On June 4, 2009, the the Electronic Frontier Foundation (EFF) launched TOSBack to help consumers understand and track the changes in the terms of service (TOS) at major Web sites. The list os current sites is small -- about 35 -- and includes well-known sites such as Facebook, Google, AT&T, and eBay.
What I like about TOSBack:
- It begins to address a need to monitor companies' Web-site TOS documents, especially when they become consumer-unfriendly. Remember the Facebook TOS fiasco
- It shows you how a site's TOS changes over time
- It displays old and new TOS versions side-by-side with highlights so consumers can easily see the changes
- It offers an RSS feed to alert consumers of changes
What I don't like about TOSBack:
- Coverage does not include banks
- The RSS feed is in its infancy. I'd like the capability to "mash-up" or select RSS feeds only for selected companies, not all of them.
- Sites vary in their TOS complexity. Some TOS documents vary by country, by product or service, and/or by sub-site. (Consider: AT&T has about 17 different privacy policies for various prodcuts and services: general Web site, wireless, landline phone, DSL, behavioral advertising, etc.) It's unclear how TOSBack will accommodate this.

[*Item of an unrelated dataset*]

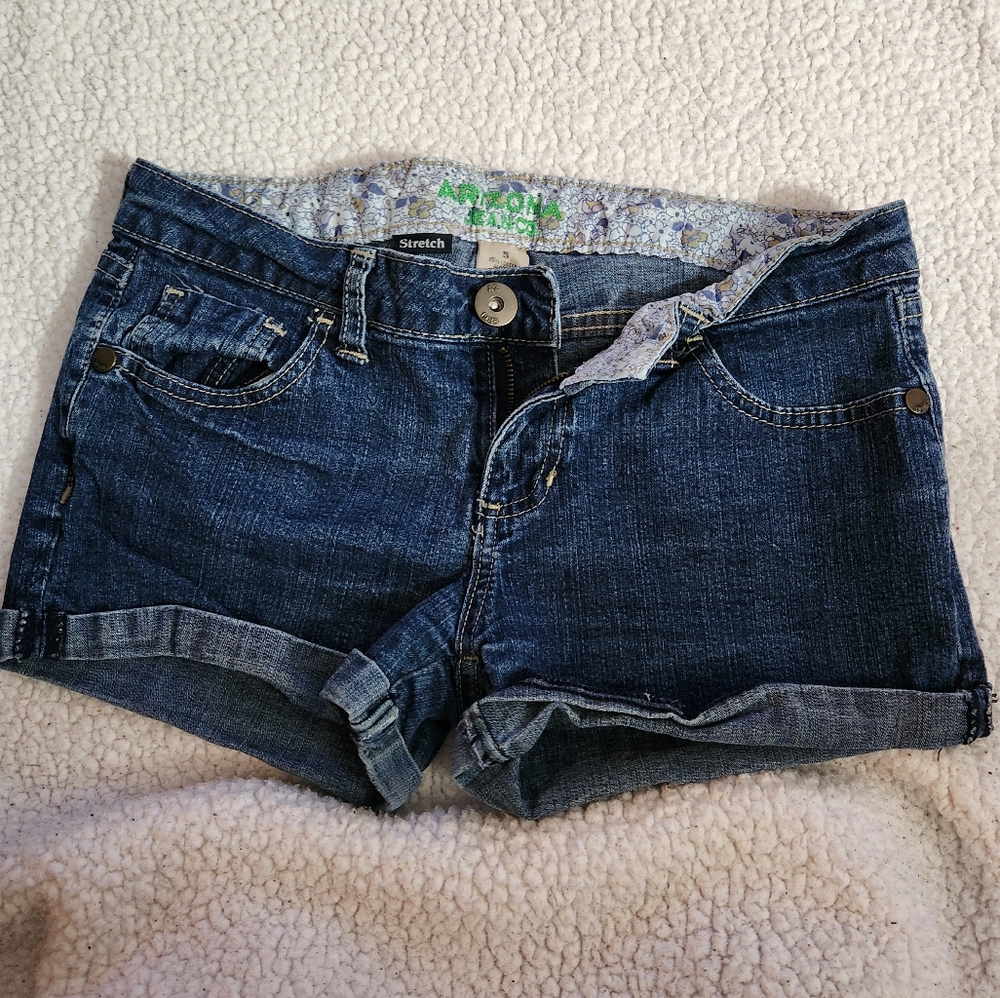 Arizona stretch size 5 shorts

- TOSBack performs a service which each company should be doing: make their TOS easy to read and to understand. I fear that TOSBack will remove the pressure off companies to take responsibility to make their TOS documents easier to read, easier to understand, and incorporate clear, conspicious opt-in mechanisms
Companies I'd like to see TOSBack monitor: Equifax, Experian, TransUnion, Phorm, and all of the major banks.
Overall, TOSBack is a good first step in the right direction. I'd love to see consumers demand TOS-tracking features at the Web sites they visit and shop at.